(Pictures with short captions)
*** Block opens ***

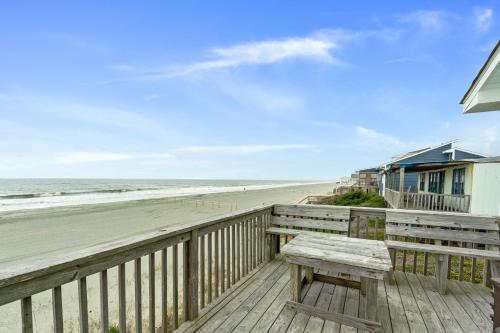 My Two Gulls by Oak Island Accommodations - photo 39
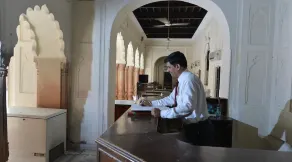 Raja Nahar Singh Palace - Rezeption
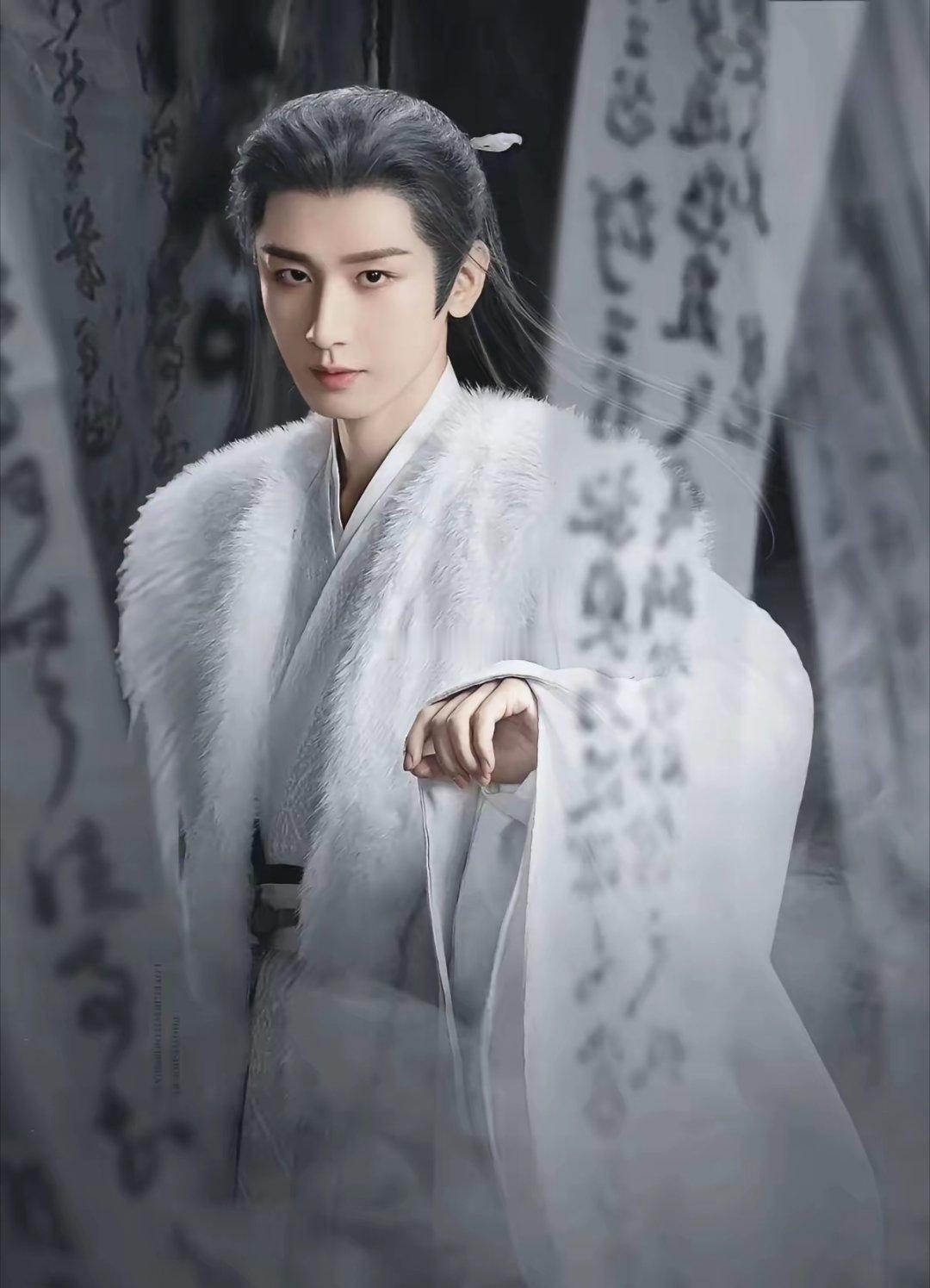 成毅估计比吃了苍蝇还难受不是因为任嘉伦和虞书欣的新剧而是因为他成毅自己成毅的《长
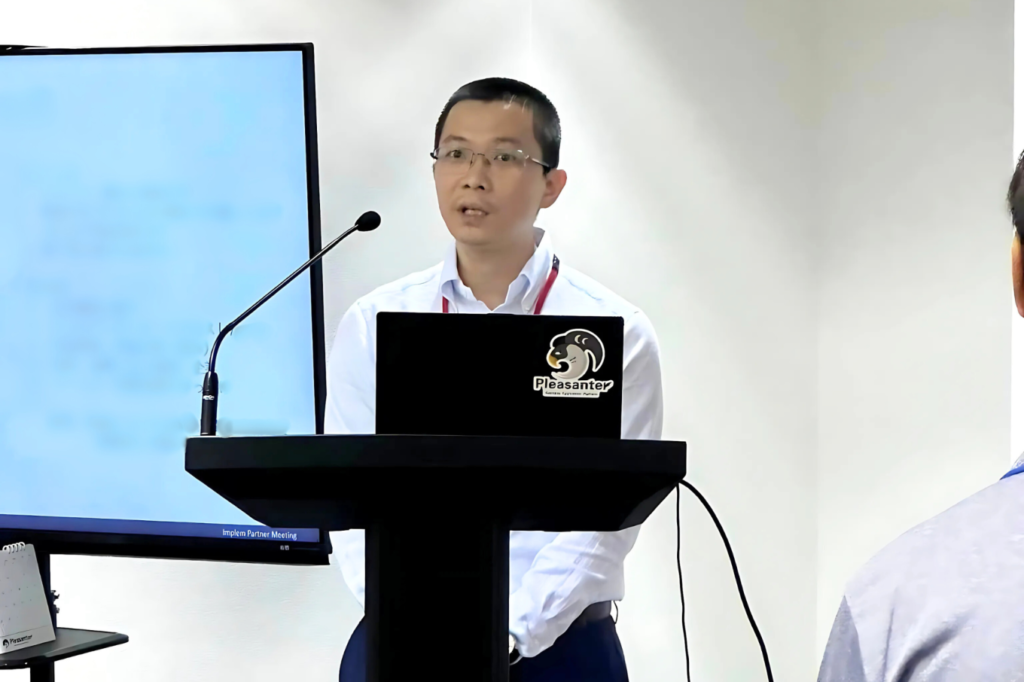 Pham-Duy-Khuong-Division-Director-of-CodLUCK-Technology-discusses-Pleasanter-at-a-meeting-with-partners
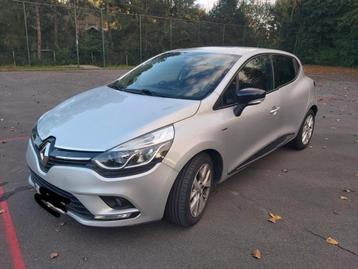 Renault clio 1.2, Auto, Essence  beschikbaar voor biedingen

*** Block closes ***

* What needs to be done
What's needed is an exact copy of every entry, free of pictures.

* Expected output
 My Two Gulls by Oak Island Accommodations - photo 39
 Raja Nahar Singh Palace - Rezeption
 成毅估计比吃了苍蝇还难受不是因为任嘉伦和虞书欣的新剧而是因为他成毅自己成毅的《长
 Pham-Duy-Khuong-Division-Director-of-CodLUCK-Technology-discusses-Pleasanter-at-a-meeting-with-partners
 Renault clio 1.2, Auto, Essence  beschikbaar voor biedingen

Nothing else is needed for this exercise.